En effet avec la disposition de plusieurs écrans, le spectateur circule dans ce
nouvel espace défini par les sons et les images. Il participe ainsi à la construction
d’un lieu participatif qui l’oblige à être partie prenante dans la perception de
l’œuvre.
Comme son titre l’indique, « Mondes parallèles », une coproduction
de Carré d’Art avec le Moderna Museet de Stockholm et le Musée Kiasma
d’Helsinki, travaille sur les différents états de perception au travers de 6
installations vidéos, de sculptures et de dessins. La vidéo nous pose toujours la
question de la référence à la fiction et de l’autonomie d’un art par rapport à
son aîné, le cinéma. Une interrogation qui demeure toujours d’actualité malgré
l’extrême banalisation de cette pratique artistique.

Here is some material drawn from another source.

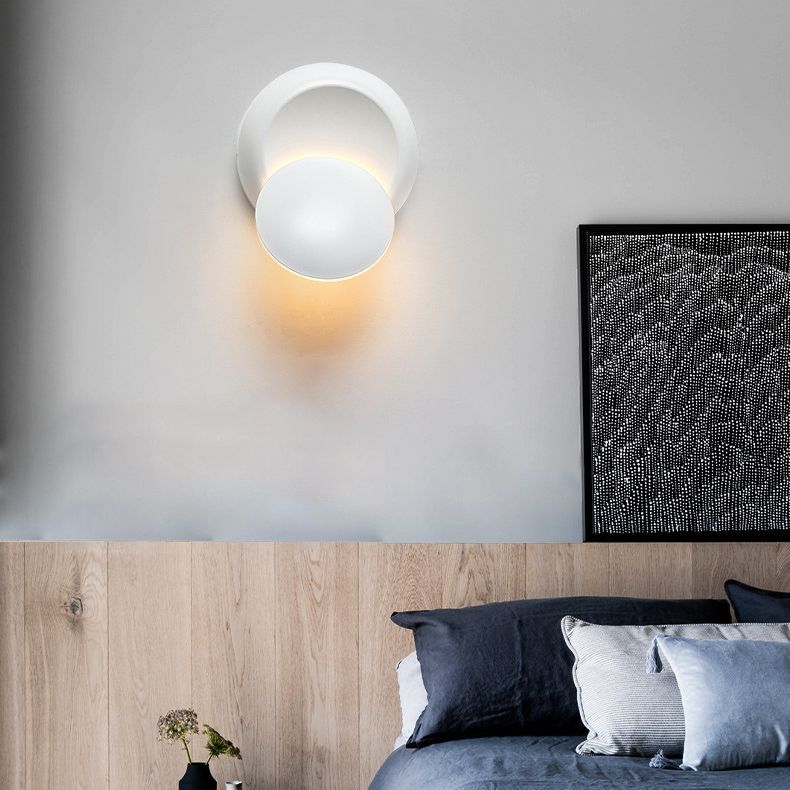 Bedroom Nordic Sconce Light Fixtures Circular LED Rotatable Wall Mounted Lighting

Avec L’Annonciation (2010), Eija-Liisa
Ahtila intervient à la fois dans le domaine de la performance, de la peinture,
du cinéma et de l’histoire de l’art (Fra Angelico par exemple). Tournant avec
deux actrices professionnelles, elle a fait appel à des amatrices recrutées par
l’Institution des diaconesses à Helsinski. Le paysage glacé permet un
déplacement d’avec les scènes peintes de la peinture italienne ou les paysages
de Palestine. L’ensemble repose sur des niveaux de perception multiples, optant
pour une forte distanciation d’une part, puisque l’on assiste aux travaux
préparatoires des actrices mais aussi à une somptueuse reconstitution de ce
moment clé de la pensée chrétienne. Il existe un jeu théâtral sur et avec le
sacré au travers d’une relecture très interrogative. La présence d’animaux
réels (l’âne et les pigeons) et symboliques (figurantes masquées) traduit la
participation du monde non humain à cet événement. Deux notions en apparence
contradictoires se heurtent fortement, le kitsch et le sublime, finissant par définir
une approche très ouverte.
D’autres œuvres animées questionnent également les préoccupations du
regardeur. La Maison (2002) où une
femme entend des voix intérieures qui perturbent gravement sa réalité. Ou
encore Horizontal (2010) qui présente
sur six écrans un épicéa, non pas de façon attendue, à la verticale mais de
façon horizontale, d’où le titre de la vidéo, en conservant un modérateur
d’échelle à son pied. Il s’agit d’une leçon de peinture par le biais du
bruissement des images légèrement mouvantes. Ainsi le changement du point de
vue influe sur la perception générale du sujet. La notion évidente de nature s’estompe
et oblige à réfléchir à la « Stimmung » (Georg Simmel) de cet arbre
au travers du paysage qu’il nous offre. Entre réflexion et contemplation. Eija-Liisa
Ahtila se réfère souvent à l’« Umwelt » de Jakob von Uexküll et à sa
mise en lumière de la superposition des mondes. Sa transposition dans le monde
de l’art contemporain favorise des décisions hétérodoxes qui poussent l’artiste
à explorer les frontières d’un monde brouillé.